# [Exercise brief]
In the listing below, find the line with "Amazon.co.jp: 観葉植物 - 花・観葉植物: ホーム＆キッチン" and the line with "Agave truncata (hybride)". Repeat those two lines and all lines between them exactly.

[Start of section]

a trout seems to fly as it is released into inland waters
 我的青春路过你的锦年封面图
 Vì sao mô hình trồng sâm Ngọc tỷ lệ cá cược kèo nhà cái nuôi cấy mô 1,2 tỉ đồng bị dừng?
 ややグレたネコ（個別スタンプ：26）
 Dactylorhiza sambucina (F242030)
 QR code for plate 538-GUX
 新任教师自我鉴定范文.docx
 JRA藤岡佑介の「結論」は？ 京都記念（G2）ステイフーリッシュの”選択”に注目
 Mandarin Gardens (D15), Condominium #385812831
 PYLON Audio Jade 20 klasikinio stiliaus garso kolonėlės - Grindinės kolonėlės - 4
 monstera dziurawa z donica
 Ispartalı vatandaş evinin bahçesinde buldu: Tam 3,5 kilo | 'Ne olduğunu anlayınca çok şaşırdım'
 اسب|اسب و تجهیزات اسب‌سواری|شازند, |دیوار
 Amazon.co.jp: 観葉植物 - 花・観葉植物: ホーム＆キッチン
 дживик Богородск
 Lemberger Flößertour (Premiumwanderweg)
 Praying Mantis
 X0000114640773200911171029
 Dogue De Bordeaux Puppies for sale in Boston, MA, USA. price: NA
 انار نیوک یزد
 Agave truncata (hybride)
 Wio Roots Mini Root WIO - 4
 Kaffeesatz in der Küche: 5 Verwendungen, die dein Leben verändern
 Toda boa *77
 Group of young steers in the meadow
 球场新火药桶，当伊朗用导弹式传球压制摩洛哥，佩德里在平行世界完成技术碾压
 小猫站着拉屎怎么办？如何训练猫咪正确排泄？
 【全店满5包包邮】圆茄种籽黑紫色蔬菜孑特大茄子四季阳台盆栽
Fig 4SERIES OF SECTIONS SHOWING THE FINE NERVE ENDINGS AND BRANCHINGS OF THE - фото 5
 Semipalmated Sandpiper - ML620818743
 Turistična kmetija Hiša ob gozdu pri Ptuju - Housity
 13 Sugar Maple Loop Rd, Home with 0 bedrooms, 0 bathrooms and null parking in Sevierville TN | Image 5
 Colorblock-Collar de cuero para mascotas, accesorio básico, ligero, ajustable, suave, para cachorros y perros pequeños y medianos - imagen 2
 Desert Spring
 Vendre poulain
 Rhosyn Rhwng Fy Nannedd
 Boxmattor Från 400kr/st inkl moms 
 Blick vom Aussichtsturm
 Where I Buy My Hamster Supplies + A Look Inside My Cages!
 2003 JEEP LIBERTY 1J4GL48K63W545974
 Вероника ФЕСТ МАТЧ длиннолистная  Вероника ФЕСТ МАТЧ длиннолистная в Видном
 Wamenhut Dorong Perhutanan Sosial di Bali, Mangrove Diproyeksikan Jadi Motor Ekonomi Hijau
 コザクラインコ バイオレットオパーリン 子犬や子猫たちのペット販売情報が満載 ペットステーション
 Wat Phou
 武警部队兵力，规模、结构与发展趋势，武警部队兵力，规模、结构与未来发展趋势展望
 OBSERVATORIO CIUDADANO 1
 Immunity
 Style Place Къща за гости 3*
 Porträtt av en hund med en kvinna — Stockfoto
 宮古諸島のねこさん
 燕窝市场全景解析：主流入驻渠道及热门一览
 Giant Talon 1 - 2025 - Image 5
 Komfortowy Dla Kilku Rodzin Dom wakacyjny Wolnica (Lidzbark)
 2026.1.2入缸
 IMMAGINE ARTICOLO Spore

[End of section]

# [Your response]
 Amazon.co.jp: 観葉植物 - 花・観葉植物: ホーム＆キッチン
 дживик Богородск
 Lemberger Flößertour (Premiumwanderweg)
 Praying Mantis
 X0000114640773200911171029
 Dogue De Bordeaux Puppies for sale in Boston, MA, USA. price: NA
 انار نیوک یزد
 Agave truncata (hybride)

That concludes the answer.